Bechawenyebela, bechawenyemotal.
(He who eats alone, dies alone.)
—Amharic Proverb

This simple yet thought-provoking thesis came as a gentle suggestion from my Ethiopian colleague Asfaw, as we strode the cracked sidewalks of Addis Ababa, Ethiopia, one April afternoon. His scratchy, soft voice announced this ancient Amharic proverb as we walked toward a hidden canteen in the shadow of our enormous office complex, hurrying our pace as gray clouds began to open up above. His adage was a warning as subtle as the sky’s.

He who eats alone, dies alone.

Asfaw and I were conducting public-health research together for an international development organization — one of many institutions that design and fund multimillion-dollar programs in health, education, agriculture and other public services to improve the social and economic well-being of marginalized people. On that particular afternoon, we still had a budget to construct, data collectors to coordinate and Ministry of Health meetings to plan. His proverb was a polite, indirect criticism of a suggestion I’d made just minutes earlier to eat lunch at our desks. From my perspective, our overdue deliverables and long to-do lists necessitated mealtime multitasking. I was impatient, eager to finish our work, and as someone in the early stages of my career, I wanted to be perceived as efficient, hard-working and ambitious.

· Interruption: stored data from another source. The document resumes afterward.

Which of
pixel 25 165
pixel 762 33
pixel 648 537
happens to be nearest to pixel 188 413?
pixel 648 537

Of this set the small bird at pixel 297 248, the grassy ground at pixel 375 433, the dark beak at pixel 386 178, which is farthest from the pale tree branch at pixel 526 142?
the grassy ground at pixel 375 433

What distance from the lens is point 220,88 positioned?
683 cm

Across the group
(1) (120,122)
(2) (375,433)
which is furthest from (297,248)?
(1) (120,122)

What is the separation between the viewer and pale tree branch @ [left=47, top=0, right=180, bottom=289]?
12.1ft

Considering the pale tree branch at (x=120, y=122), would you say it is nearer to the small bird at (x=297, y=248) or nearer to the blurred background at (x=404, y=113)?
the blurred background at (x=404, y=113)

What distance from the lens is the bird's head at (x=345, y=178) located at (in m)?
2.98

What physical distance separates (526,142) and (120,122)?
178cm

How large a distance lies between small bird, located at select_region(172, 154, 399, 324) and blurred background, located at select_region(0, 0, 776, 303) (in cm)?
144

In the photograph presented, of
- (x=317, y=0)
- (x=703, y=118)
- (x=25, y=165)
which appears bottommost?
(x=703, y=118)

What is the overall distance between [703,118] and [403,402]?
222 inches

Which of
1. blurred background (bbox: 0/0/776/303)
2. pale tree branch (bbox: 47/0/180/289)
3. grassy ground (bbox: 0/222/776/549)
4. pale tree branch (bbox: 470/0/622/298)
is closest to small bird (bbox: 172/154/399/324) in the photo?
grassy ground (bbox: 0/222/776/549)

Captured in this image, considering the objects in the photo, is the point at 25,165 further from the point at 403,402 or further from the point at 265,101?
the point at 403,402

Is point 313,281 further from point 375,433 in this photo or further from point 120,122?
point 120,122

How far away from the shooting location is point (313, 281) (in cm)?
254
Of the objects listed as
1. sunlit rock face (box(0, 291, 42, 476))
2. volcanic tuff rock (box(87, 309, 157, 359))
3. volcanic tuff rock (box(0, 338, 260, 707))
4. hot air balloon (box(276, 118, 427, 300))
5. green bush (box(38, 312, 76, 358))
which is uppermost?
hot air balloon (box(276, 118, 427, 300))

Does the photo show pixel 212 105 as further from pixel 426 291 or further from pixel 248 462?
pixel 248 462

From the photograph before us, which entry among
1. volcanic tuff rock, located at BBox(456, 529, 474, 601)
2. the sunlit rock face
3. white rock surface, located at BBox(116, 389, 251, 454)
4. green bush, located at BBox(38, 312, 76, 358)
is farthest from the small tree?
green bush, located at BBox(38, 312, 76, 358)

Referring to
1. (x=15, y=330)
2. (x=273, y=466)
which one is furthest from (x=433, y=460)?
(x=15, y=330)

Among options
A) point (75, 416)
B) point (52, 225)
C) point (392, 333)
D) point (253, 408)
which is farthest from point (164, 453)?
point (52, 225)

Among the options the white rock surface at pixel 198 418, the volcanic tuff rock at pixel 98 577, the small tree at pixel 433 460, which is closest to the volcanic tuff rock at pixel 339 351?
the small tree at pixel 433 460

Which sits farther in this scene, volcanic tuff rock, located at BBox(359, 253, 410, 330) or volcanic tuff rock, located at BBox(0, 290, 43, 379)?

But Asfaw, with the authority and wisdom that came from being 20 years my senior and from a more communal culture than I, refused to take part in my game. He denied me with a polite chuckle and led the way out of our office toward the nearest restaurant.

We settled onto foldout chairs around a small table. He returned to his Amharic wisdom as we peeled off pieces of njera, a sour, spongy flatbread, from the platter’s edges and used them to grab up the savory beef chunks and sauces spread across the center.

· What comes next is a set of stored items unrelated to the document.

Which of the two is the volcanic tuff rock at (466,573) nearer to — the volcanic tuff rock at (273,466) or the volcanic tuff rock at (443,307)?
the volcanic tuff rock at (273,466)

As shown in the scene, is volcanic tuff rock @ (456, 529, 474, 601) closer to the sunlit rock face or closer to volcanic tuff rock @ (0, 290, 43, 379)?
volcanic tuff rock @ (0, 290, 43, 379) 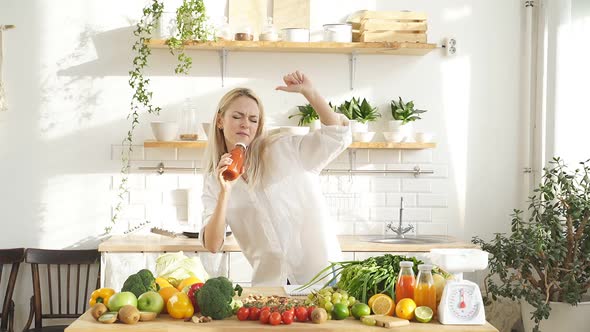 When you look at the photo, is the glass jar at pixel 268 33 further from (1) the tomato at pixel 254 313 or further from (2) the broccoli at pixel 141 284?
(1) the tomato at pixel 254 313

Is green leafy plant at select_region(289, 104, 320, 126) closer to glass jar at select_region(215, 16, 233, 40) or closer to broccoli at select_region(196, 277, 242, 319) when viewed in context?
glass jar at select_region(215, 16, 233, 40)

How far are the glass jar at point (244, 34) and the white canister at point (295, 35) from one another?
23 centimetres

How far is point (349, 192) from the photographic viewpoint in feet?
19.1

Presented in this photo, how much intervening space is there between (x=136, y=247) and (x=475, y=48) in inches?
110

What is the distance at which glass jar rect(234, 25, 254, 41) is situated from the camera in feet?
17.9

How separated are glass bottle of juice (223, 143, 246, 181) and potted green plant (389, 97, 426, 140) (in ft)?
8.48

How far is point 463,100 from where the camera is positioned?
19.2ft

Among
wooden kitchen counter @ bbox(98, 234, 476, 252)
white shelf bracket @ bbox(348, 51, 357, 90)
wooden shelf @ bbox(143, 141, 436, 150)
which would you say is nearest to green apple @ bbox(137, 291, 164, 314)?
wooden kitchen counter @ bbox(98, 234, 476, 252)

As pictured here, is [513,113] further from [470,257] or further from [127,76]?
[470,257]

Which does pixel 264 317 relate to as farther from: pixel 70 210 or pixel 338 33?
pixel 70 210

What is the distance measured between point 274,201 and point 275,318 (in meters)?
1.05

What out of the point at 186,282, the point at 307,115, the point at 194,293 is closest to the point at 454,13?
the point at 307,115

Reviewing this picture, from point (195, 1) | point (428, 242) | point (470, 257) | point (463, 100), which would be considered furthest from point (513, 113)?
point (470, 257)

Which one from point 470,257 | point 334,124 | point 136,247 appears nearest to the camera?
point 470,257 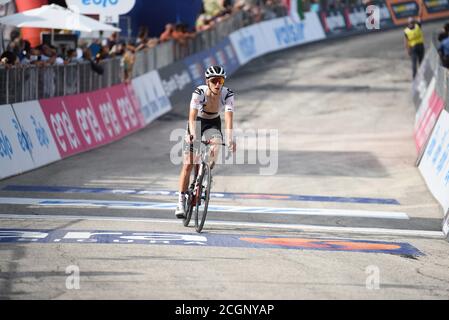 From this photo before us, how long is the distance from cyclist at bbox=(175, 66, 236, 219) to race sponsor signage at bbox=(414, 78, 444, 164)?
822 cm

“Do you understand what I mean by that proverb?” he asked me outright, his trilled r's rolling off his tongue as he gestured to the food with one hand and reached for a chunk of doro wot with his other.

I raised an eyebrow to signal that I had no idea and wanted to hear more; he caught my cue and carried on, snatching another bite. “It’s from a story about a man who visits hell.”

I leaned on my elbows, inching toward Asfaw to signal my full, un-multitasked attention.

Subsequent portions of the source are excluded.